INSTRUCTIONS FOR THE TASK – Please set down exactly the lines of the listing below from the line containing "Ma-Cabane - Location" through the line containing "CrypTegridy Blockchain Security tweet media", both lines included, leaving out all other lines.

ENTRIES SHOWN –
- Opening Delimiter -

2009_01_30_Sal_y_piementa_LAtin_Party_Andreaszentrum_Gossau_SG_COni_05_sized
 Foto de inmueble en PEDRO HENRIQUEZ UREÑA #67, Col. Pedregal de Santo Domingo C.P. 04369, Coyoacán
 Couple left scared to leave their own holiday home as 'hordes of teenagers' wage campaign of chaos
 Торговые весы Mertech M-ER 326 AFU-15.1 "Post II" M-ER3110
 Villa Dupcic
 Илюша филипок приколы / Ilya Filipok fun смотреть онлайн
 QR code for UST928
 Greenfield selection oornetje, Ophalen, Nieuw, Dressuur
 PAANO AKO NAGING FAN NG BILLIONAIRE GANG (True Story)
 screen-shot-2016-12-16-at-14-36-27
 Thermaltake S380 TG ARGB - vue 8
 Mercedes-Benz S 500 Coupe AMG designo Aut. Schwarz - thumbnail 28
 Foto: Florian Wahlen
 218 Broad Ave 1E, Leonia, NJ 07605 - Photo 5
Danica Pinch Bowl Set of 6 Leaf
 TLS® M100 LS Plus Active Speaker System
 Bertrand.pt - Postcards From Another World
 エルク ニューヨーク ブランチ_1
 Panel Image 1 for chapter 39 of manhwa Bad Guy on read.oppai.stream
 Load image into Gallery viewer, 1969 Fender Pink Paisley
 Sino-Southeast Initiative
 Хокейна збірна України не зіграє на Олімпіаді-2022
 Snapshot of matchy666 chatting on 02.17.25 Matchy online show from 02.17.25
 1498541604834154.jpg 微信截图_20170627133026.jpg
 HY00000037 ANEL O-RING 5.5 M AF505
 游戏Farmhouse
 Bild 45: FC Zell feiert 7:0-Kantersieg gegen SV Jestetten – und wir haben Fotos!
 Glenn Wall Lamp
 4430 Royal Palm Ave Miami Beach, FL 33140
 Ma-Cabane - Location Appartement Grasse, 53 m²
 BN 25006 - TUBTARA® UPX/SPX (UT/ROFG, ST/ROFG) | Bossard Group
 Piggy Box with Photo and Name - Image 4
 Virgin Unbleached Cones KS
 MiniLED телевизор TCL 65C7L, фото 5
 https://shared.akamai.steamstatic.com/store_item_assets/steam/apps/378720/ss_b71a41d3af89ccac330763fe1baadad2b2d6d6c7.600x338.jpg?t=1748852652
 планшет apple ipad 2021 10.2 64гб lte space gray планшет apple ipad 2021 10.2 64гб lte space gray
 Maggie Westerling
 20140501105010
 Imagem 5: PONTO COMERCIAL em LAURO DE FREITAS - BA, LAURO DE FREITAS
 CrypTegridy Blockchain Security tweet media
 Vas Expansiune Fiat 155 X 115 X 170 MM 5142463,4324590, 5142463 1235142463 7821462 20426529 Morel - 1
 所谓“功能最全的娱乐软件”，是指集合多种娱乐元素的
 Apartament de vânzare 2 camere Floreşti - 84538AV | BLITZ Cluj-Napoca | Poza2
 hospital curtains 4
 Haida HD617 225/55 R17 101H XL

- Closing Delimiter -

RESULT OF THE TASK –
 Ma-Cabane - Location Appartement Grasse, 53 m²
 BN 25006 - TUBTARA® UPX/SPX (UT/ROFG, ST/ROFG) | Bossard Group
 Piggy Box with Photo and Name - Image 4
 Virgin Unbleached Cones KS
 MiniLED телевизор TCL 65C7L, фото 5
 https://shared.akamai.steamstatic.com/store_item_assets/steam/apps/378720/ss_b71a41d3af89ccac330763fe1baadad2b2d6d6c7.600x338.jpg?t=1748852652
 планшет apple ipad 2021 10.2 64гб lte space gray планшет apple ipad 2021 10.2 64гб lte space gray
 Maggie Westerling
 20140501105010
 Imagem 5: PONTO COMERCIAL em LAURO DE FREITAS - BA, LAURO DE FREITAS
 CrypTegridy Blockchain Security tweet media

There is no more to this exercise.